Home » Blog » The “Shadow Ban” as a Legal Remedy: Interlocutory Injunctions and the Rightto Erasure in Nigeria

The “Shadow Ban” as a Legal Remedy: Interlocutory Injunctions and the Rightto Erasure in Nigeria

Authored By: Favour Bassey Onoyom

University of Calabar

Introduction 

Cyber harassment and online gender-based violence (O-GBV) are increasingly pervasive in  Nigeria, mirroring global trends in digital abuse. Victims of such harassment often find that even  when perpetrators are identified, arrested, or prosecuted, the harmful content remains accessible  online. Platforms’ slow response to complaints, inadequate content moderation, and the  borderless nature of the internet exacerbate the harm. This raises pressing questions about the  efficacy of traditional legal remedies and the role of the law in protecting victims in real-time. 

One proposed solution is the concept of a “shadow ban” as a legal remedy, where content is  suppressed, restricted, or hidden online pending the outcome of legal proceedings. This article  explores the legal feasibility of interlocutory injunctions directed at Internet Service Providers  (ISPs) and social media platforms in Nigeria to achieve such suppression.
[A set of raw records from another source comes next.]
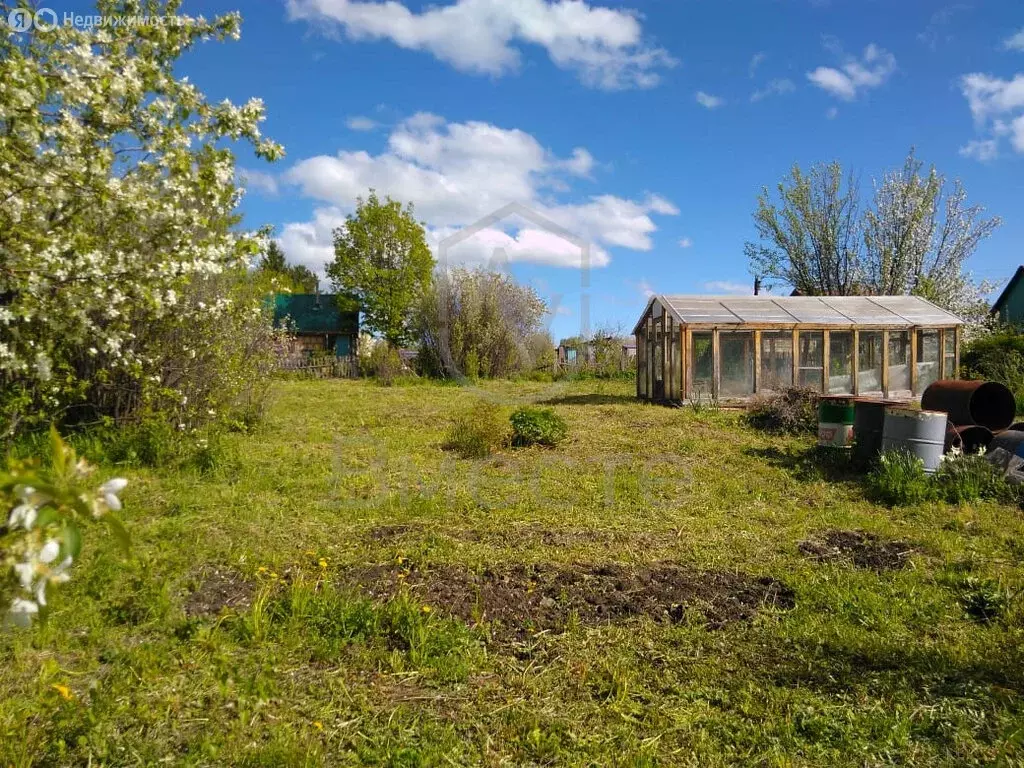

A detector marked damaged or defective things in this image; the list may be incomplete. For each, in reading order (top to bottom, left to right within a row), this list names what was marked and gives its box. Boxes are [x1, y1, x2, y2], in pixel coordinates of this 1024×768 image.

rusty barrel [851, 399, 901, 466]
rusty barrel [880, 409, 942, 475]
rusty barrel [942, 423, 991, 454]
rusty barrel [921, 380, 1015, 434]
rusty metal pipe [921, 382, 1015, 436]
Central to the  argument is Section 37 of the Nigerian Constitution, which guarantees the right to privacy, and  whether it can be interpreted as grounding a mandatory “Right to Erasure” for victims of cyber GBV. 

The Legal Challenge of Cyber harassment in Nigeria 

Online-GBV encompasses stalking, harassment, image-based sexual abuse, revenge  pornography, and other harmful conduct perpetrated online. In Nigeria, such acts are primarily  addressed under the Cybercrimes (Prohibition, Prevention, Etc.) Act 2015 (“Cybercrimes  Act”) and related provisions of the Criminal Code and Penal Code in applicable states. 
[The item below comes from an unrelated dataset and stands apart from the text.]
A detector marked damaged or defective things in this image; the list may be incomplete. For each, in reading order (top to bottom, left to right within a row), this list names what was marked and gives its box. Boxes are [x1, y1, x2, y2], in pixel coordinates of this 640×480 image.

The Cybercrimes Act criminalizes acts such as identity theft, online fraud, and computer-related  offences. However, it offers limited practical recourse for victims seeking immediate removal of  harmful content. For example, while Sections 24 and 38 of the Act criminalize the unauthorized  distribution of obscene materials, enforcement often lags behind content dissemination. Even  after a perpetrator is charged, content may remain online indefinitely due to the decentralized  and global nature of platforms, which may not prioritize or recognize Nigerian court orders. 

Interlocutory Injunctions as a Legal Mechanism 

Interlocutory injunctions are a well-established equitable remedy designed to preserve the status  quo pending the resolution of a dispute. In the Nigerian legal context, an interlocutory injunction  may be granted where a claimant demonstrates: 

  1. A prima facie case with a probability of success; 
  2. The likelihood of irreparable harm if the injunction is refused; and 
  3. That the balance of convenience favors granting the injunction.

Applying this to cyber harassment, victims may seek an injunction requiring ISPs or social  media platforms to suppress or remove harmful content while criminal or civil proceedings  continue. This could function as a form of “shadow ban,” ensuring that the ongoing presence of  the content does not exacerbate harm, such as emotional distress, reputational damage, or further  harassment.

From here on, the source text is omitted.